Nos. 4D10-873, 4D10-2745.
District Court of Appeal of Florida, Fourth District.
April 11, 2012.
Rehearing Denied May 21, 2012.
32*32 Nancy W. Gregoire of Kirschbaum, Birnbaum, Lippman & Gregoire, PLLC, Fort Lauderdale, and Howard S. Friedman of Fischler & Friedman, P.A., Fort Lauderdale, for appellant.
Terrence P. O’Connor of Morgan, Carratt and O’Connor, P.A., Fort Lauderdale, for appellee.
The husband, Michael Weymouth, appeals a final judgment of dissolution and a final fee award. The wife, Veronica Weymouth, cross-appeals the final judgment of dissolution.

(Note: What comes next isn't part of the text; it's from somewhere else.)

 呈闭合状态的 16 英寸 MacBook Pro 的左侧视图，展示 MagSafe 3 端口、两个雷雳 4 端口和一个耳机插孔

We affirm in part, reverse in part, and remand for further proceedings.

I. Factual Background

The parties were married in 1993. Shortly before their marriage, the parties executed an Antenuptial Agreement prepared by the husband’s attorney. The Antenuptial Agreement contained a schedule of all the husband’s assets and liabilities prior to the execution of the agreement. Paragraph 3 of the Antenuptial Agreement provided that the wife would “hereby forever remise, release and quit claim all right, title and interest she might have or otherwise could have . . . to any property owned prior to marriage . . . by Michael and specifically waives any and all claim or claims which she might have in and to the real and personal property of Michael, owned prior to marriage. . . .” Paragraph 4 provided that all “property acquired by either of them during the marriage (other than property acquired by either of them by gift or inheritance)” is marital property. The Antenuptial Agreement did not, however, contain an express waiver of growth or appreciation of pre-marital or non-marital assets.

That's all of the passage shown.